How hard is it for a center-right news outlet like New Hampshire Journal to cover one of the hottest U.S. Senate races in the country?

This audio will give you a glimpse:

In the audio, you can hear me approaching a Sen. Maggie Hassan press conference at a ward hall in Concord. A staffer attempts to stop me from entering the building. I continue into the room and join other members of the press.

A second staffer approaches me and tells me to leave. I refuse. “I’m a reporter doing my job.”

The staffer replies: “Well, you weren’t supposed to come.”

“Not supposed to come” is an interesting way to look at a reporter attending a press conference.

But he meant it.

Despite more than 100 requests, Hassan’s official Senate office –which works for the taxpayers — refuses to send NHJournal its “public” press announcements; and her Senate campaign — which works for Hassan directly — refuses to as well.

Yes, NHJournal is indeed a center-right media outlet, just like NHPR — which also attended Wednesday’s press conference — is center-left.

It is also true that NHJournal is a member of the New Hampshire Press Association (NHPA), its content has appeared in newspapers across the country, and it was awarded “Best Political Reporting” by the NHPA in 2021 (Shout out to reporter Damien Fisher!)

We also won an award for our coverage of the attempt to stop legal protests near the home of Gov.
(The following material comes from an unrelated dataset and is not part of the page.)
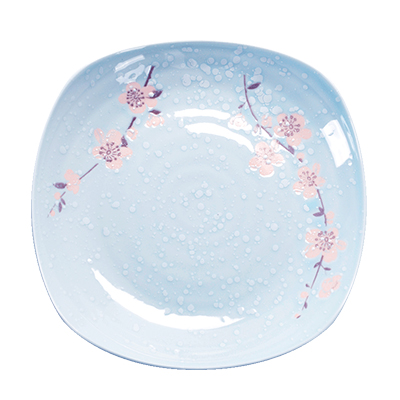 雅诚德(arst) 雅诚德日式樱花陶瓷碗家用餐具吃饭成人可爱个性创意鱼盘子碟勺组合(蓝色) 7.75英寸圆盘 1个装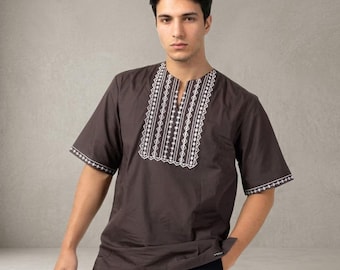 Camisa Kiyas Itang Yunasz Koko de algodón bordada, estilo modesto para hombre.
Chris Sununu, a story that did not make Republicans happy.

State Reps. Connie Lane (D-Concord) and Paul Bergeron (D-Nashua) join Sen. Maggie Hassan at a press conference attacking Republican Don Bolduc as an “election denier.”

When the Hassan campaign sent out a press release, “Senator Hassan to Hold Press Conference on Don Bolduc’s Extreme Record of Denying Election Results,” NHJournal did not receive it. When we obtained a copy and RSVP’d, the Hassan campaign, as usual, did not respond. Fortunately, other members of the New Hampshire media shared the press conference’s location.

And what happened? Once Team Hassan gave up trying to throw me out, the campaign held its press conference, the senator answered about a half-dozen questions — three from yours truly — and everybody went back to work.

In other words, “politics.” In other states and with other candidates, it happens every day.

Sununu takes questions from all comers. His Democratic opponent, state Sen. Tom Sherman, is participating in multiple debates and appears on local radio talk shows like Drew Cline’s WFEA program. So does Democratic U.S. Rep. Chris Pappas. Cline is president of the free-market Josiah Bartlett Center and hardly a friend of the left. But the interviews are informative, and nobody gets hurt.

According to Cline, Hassan has refused multiple invitations during this campaign season to appear on the show.

Is it partisan bias? Is Hassan’s position that she will only talk to “friendly” press? Is it arrogance? Does she think reporters — and more importantly their readers or listeners — are lucky that she talks to them at all?

Or is it fear? Hassan’s poll numbers have never been great. And despite running against one of the weakest GOP U.S. Senate candidates in the country — and massively outspending him — she has managed to turn what should be a safe seat into a toss-up.

Let’s be clear: If Maggie Hassan loses to Don Bolduc, she will be the Hillary Clinton of New Hampshire. Or worse, the Martha Coakley. The only question she will ever get is, “How did you lose to that guy?”

And one answer will be that she played prevent defense. For example, Hassan has refused to participate in debates hosted by AARP, WGIR radio, the Union Leader, and radio host Jack Heath. But she demanded a debate where Bolduc has to face a reporter from liberal NHPR and a journalist who was, until recently, a “Writing Fellow in Global Feminism” at Bitch Media.

But Hassan hides from NHJournal?

Here is some free and unsolicited advice to Hassan and the folks who tried to throw me out of a press conference: Whatever you’re doing, it ain’t working. Dodging debates, refusing to hold town halls, hiding from the press and, most of all, not talking to the voters –has gotten you into a statistical tie with Don Bolduc.

Maybe it is time to rethink your strategy before New Hampshire decides it is time to fire its senator.